**Work required:**
Where a picture appears, skip it and copy everything else in the listing exactly.

**Supplied information:**
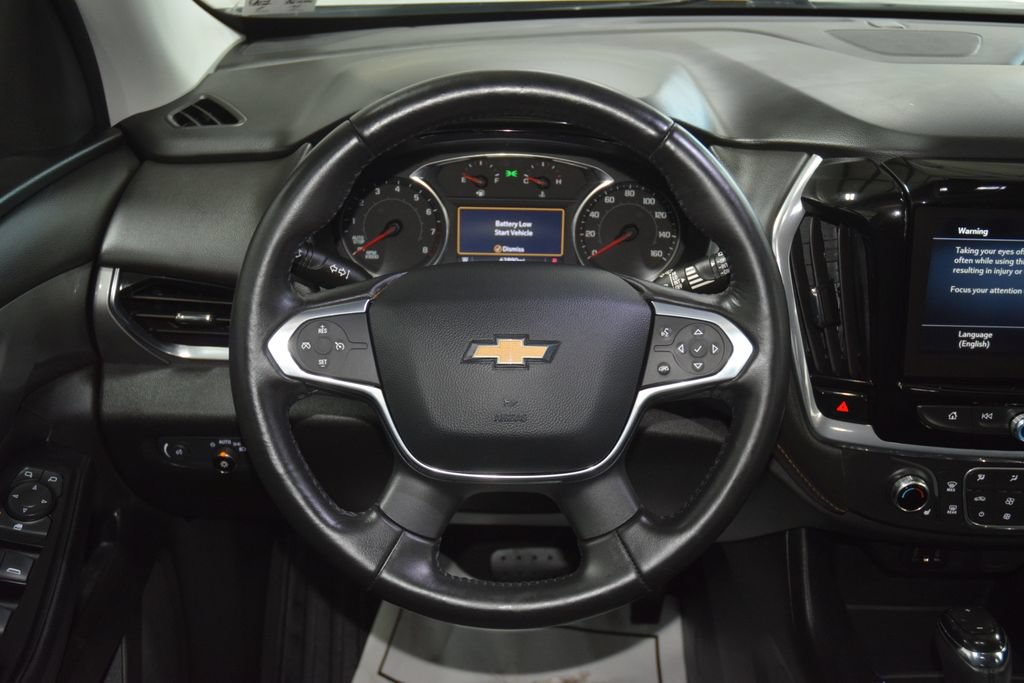 Used 2020 Chevrolet Traverse LT AWD/4WD image 38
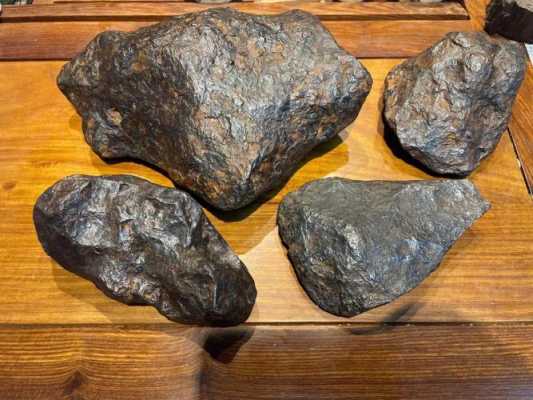 铁陨石含什么矿物（铁陨石含量）-图2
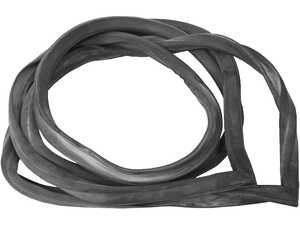 ES#4932561 - 1107500377 - Trunk Seal - Weather-stripping for Deck Lid - URO - Mercedes Benz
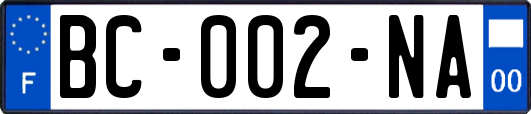 BC-002-NA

**Exercise output:**
 Used 2020 Chevrolet Traverse LT AWD/4WD image 38
 铁陨石含什么矿物（铁陨石含量）-图2
 ES#4932561 - 1107500377 - Trunk Seal - Weather-stripping for Deck Lid - URO - Mercedes Benz
 BC-002-NA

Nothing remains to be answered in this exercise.